**YOUR INSTRUCTIONS:** Please return the data word for word and leave out any picture it contains.

**GIVEN MATERIAL:**
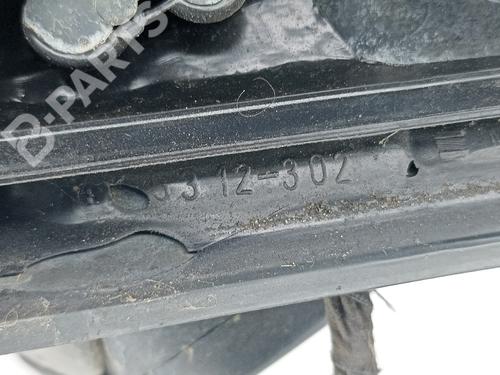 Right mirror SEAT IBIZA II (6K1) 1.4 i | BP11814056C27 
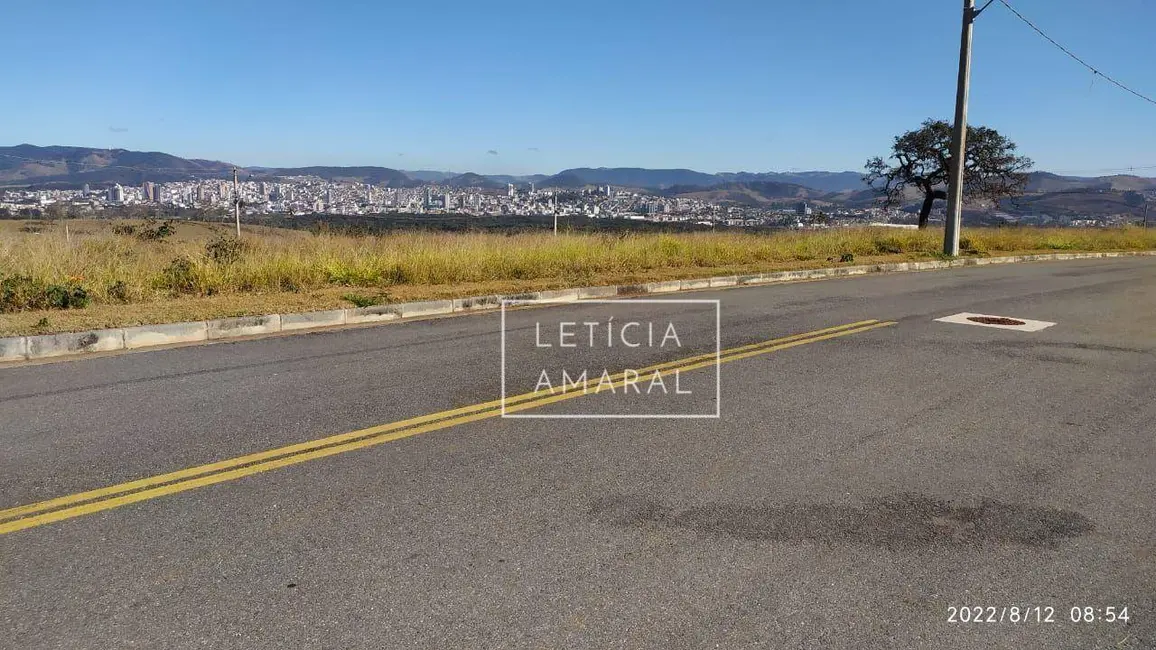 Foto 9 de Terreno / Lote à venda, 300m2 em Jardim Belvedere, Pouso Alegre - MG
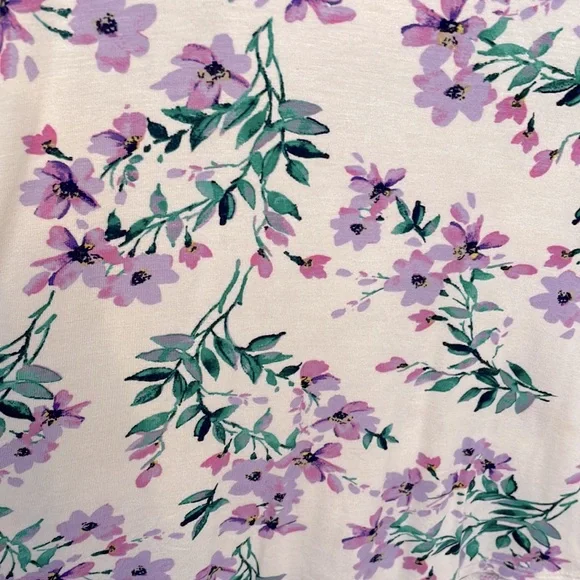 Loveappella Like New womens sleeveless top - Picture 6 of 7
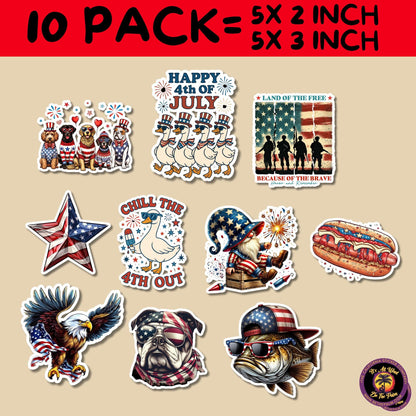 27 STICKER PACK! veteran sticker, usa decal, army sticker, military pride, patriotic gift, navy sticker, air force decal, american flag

**RESULT OF THE TASK:**
 Right mirror SEAT IBIZA II (6K1) 1.4 i | BP11814056C27 
 Foto 9 de Terreno / Lote à venda, 300m2 em Jardim Belvedere, Pouso Alegre - MG
 Loveappella Like New womens sleeveless top - Picture 6 of 7
 27 STICKER PACK! veteran sticker, usa decal, army sticker, military pride, patriotic gift, navy sticker, air force decal, american flag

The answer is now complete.